Hint: (a). The AC generator is a device used to produce alternating current by moving an armature with a number of turns in the presence of a magnetic field.
(b). As the aeroplane is flying it experiences a change in magnetic flux due to the vertical component of Earth’s magnetic field. Emf induced can be calculated by substituting the corresponding values in the formula from emf.

Complete step by step answer:
 (a).

 An AC generator is a machine which converts mechanical energy to electrical energy and the current produced is in the form of alternating current varying sinusoidally. The principle on which AC generators work is the Faraday's law of electromagnetic induction which states that when a current carrying conductor moves in a magnetic field, a potential difference is developed across its ends,
The different parts of an AC generator are-
1. Stator field
2. Armature
3. Prime mover
4. Rotor
5. Stator
6. Slip rings
Working- When the armature is made to rotate between the poles of a magnet along an axis perpendicular to the magnetic field the flux associated with the armature changes continuously.

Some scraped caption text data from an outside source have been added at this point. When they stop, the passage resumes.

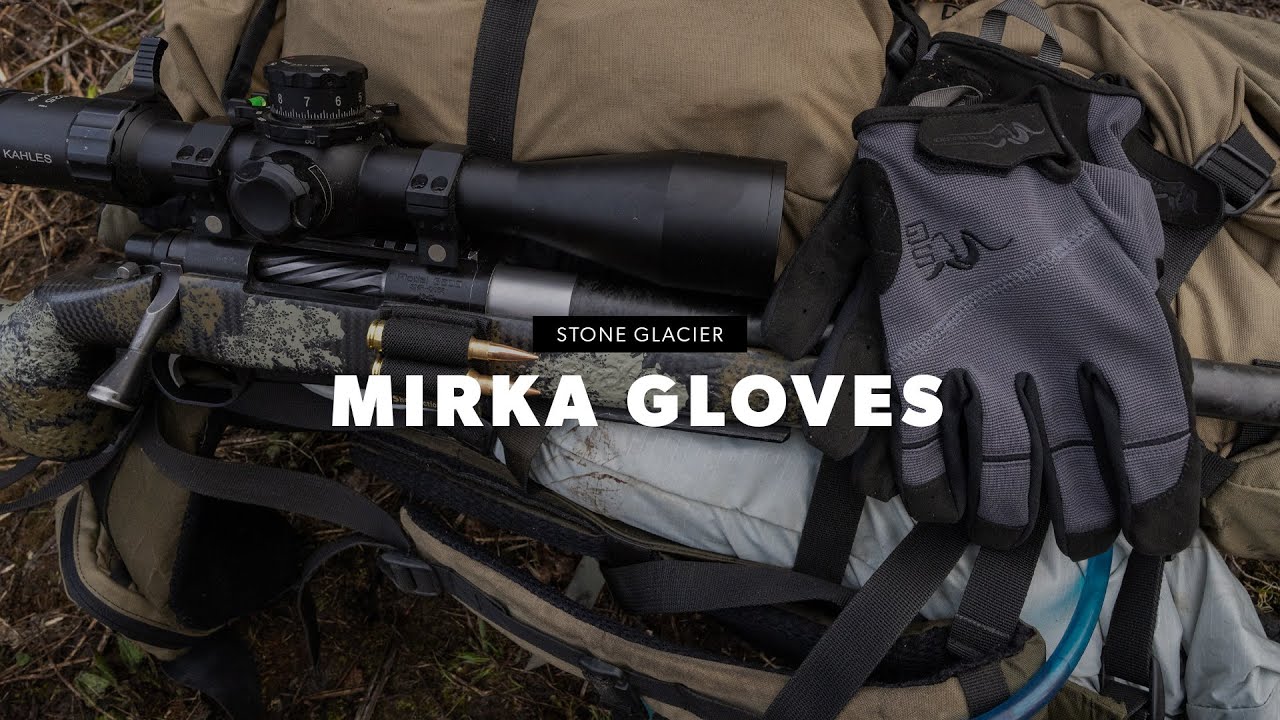 Mirka Gloves – Stone Glacier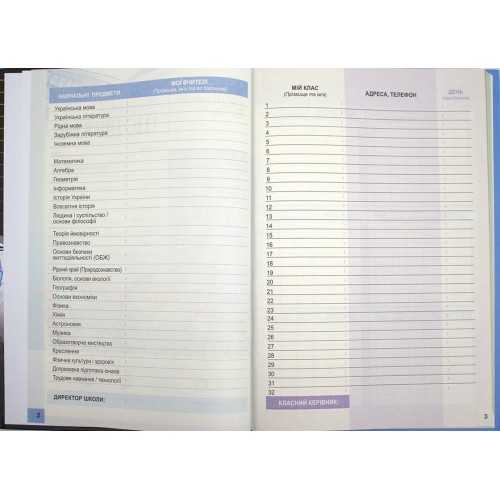 Щоденник шк. В5 №3/24-003 40арк. мат.лам.,виб. Уф-лак/Мандарин/(10)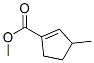 1-Cyclopentene-1-carboxylicacid,3-methyl-,methylester(9ci) Structure,114614-92-5Structure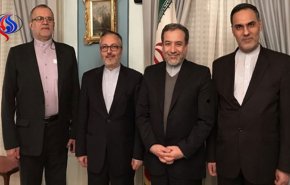 نشست مشورتی سفرای ایران در سوئد، دانمارک و نروژ با حضور عراقچی در استکهلم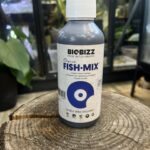 BioBizz Fish-Mix, w 100% organiczny nawóz z emulsji rybnej i melasy do doglebowego i dolistnego zasilania roślin doniczkowych i ogrodowych, Variegarden.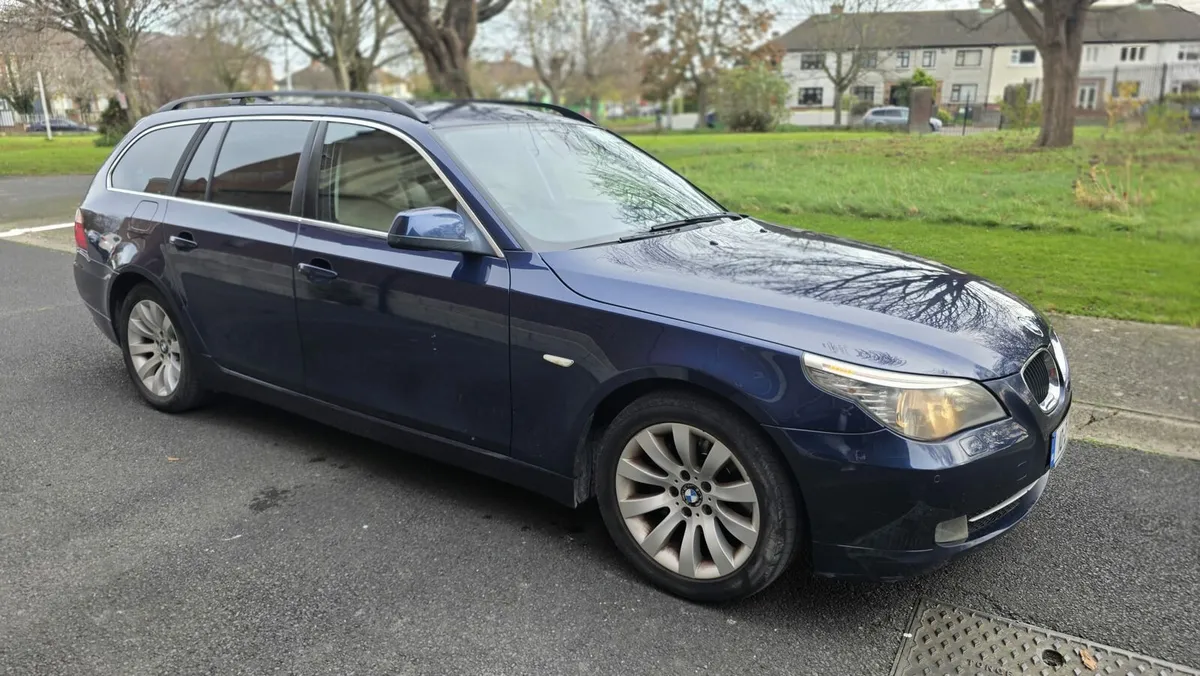 BMW 5 Series 520D Auto - Image 4
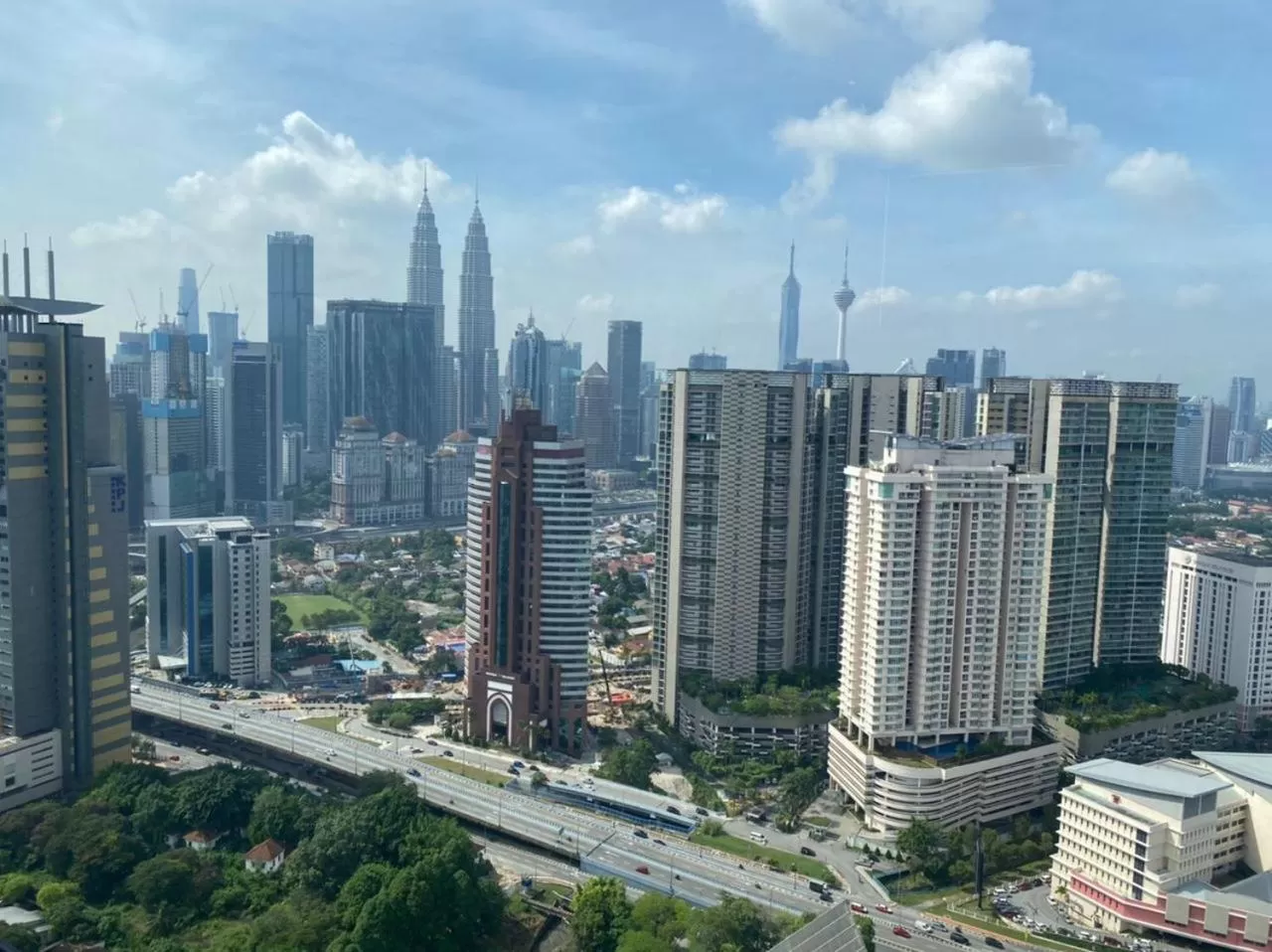Bird's eye view in Expressionz Suites KL by Perfect Host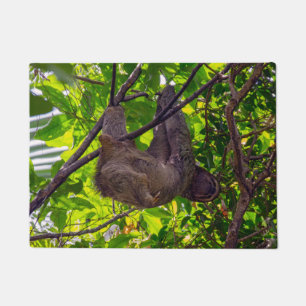 Paillasson Costa Rica - Happy Lazy Sloth, Antonio Manuel NP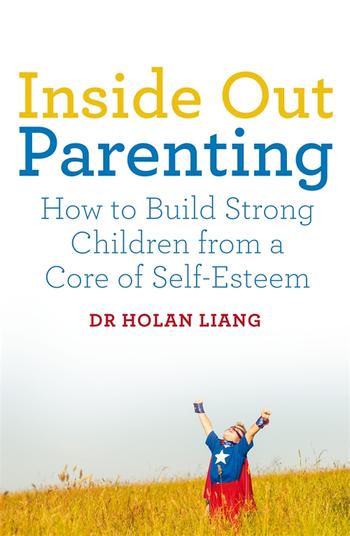 Book cover for Inside Out Parenting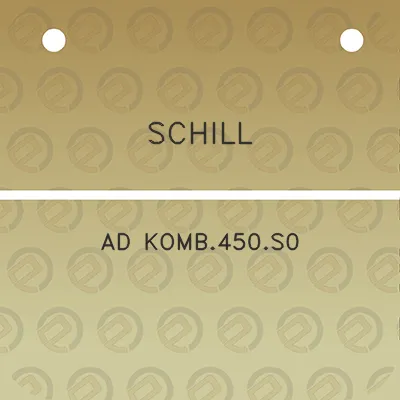 schill-ad-komb450s0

Due to change in flux an emf is developed and current flows through the galvanometer, brushes and slip rings.
Due to flow of current, the galvanometer deflects between the negative and positive values which indicate that there is an alternating current flowing in the setup.
  Let the coil have \[N\] number of turns and the area of the cross section of the armature be \[A\], let the armature be rotated at a constant angular velocity \[\omega \]. When armature rotates, it makes an angle \[\theta \] with the magnetic field of flux intensity \[B\]. The flux through the coil is given by-
\[\begin{align}
  & \phi =NBA\cos \theta \\
 & \Rightarrow \phi =NBA\cos \omega t \\
\end{align}\]
The emf developed is given by-
\[e=-\dfrac{d\phi }{dt}\]
\[\begin{align}
  & e=-\dfrac{d(NBA\cos \omega t)}{dt} \\
 & e=-NBA\dfrac{d}{dt}(\cos \omega t) \\
 & e=NBA\omega \sin \omega t \\
\end{align}\]
 Therefore, the emf induced in the circuit is given by \[NBA\omega \sin \omega t\].
(b). As the aeroplane is travelling from east to west, it flies perpendicular to the horizontal component of Earth’s magnetic field. So emf induced along its wings is due to the horizontal component of Earth’s magnetic field.
We know, formula for induced emf is given by-
\[e=Blv\] ---- (1)
Here,\[B\]is the magnetic field
\[l\] is the length which cuts the magnetic field
\[v\]is velocity
We know that,
\[\tan \theta =\dfrac{{{B}_{v}}}{{{B}_{H}}}\]
Here, \[\theta \] is the angle of dip
\[{{B}_{v}}\] is vertical component of Earth’s magnetic field
\[{{B}_{H}}\] is horizontal component of earth’s magnetic field
\[\therefore {{B}_{v}}={{B}_{H}}\tan \theta \]
Substituting in eq (1), we get,
\[\begin{align}
  & e=({{B}_{H}}\tan \theta )lv \\
 & e=5\times {{10}^{-4}}\times \dfrac{1}{\sqrt{3}}\times 20\times \left( \dfrac{900\times 1000}{3600}m{{s}^{-1}} \right) \\
 & e=5\times {{10}^{-4}}\times \dfrac{1}{\sqrt{3}}\times 20\times 250 \\
 & e=1.46V \\
\end{align}\]
Therefore, the emf induced along the wings of the aeroplane is \[1.46V\]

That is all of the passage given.